### Task statement
Of all the entries below, retype only the lines from the one with "LEGO Girl Female" through the one with "Photo of Livingroom in Williams Town", exactly as they appear.

(Collection entries)
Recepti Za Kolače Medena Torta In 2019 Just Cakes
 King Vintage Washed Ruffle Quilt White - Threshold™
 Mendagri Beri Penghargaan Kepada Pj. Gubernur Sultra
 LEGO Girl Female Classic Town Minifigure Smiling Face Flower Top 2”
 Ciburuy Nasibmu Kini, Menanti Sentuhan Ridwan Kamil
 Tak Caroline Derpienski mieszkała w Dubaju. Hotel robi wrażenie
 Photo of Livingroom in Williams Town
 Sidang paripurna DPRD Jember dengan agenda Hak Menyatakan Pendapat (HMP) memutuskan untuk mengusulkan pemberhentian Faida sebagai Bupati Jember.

### Task answer
 LEGO Girl Female Classic Town Minifigure Smiling Face Flower Top 2”
 Ciburuy Nasibmu Kini, Menanti Sentuhan Ridwan Kamil
 Tak Caroline Derpienski mieszkała w Dubaju. Hotel robi wrażenie
 Photo of Livingroom in Williams Town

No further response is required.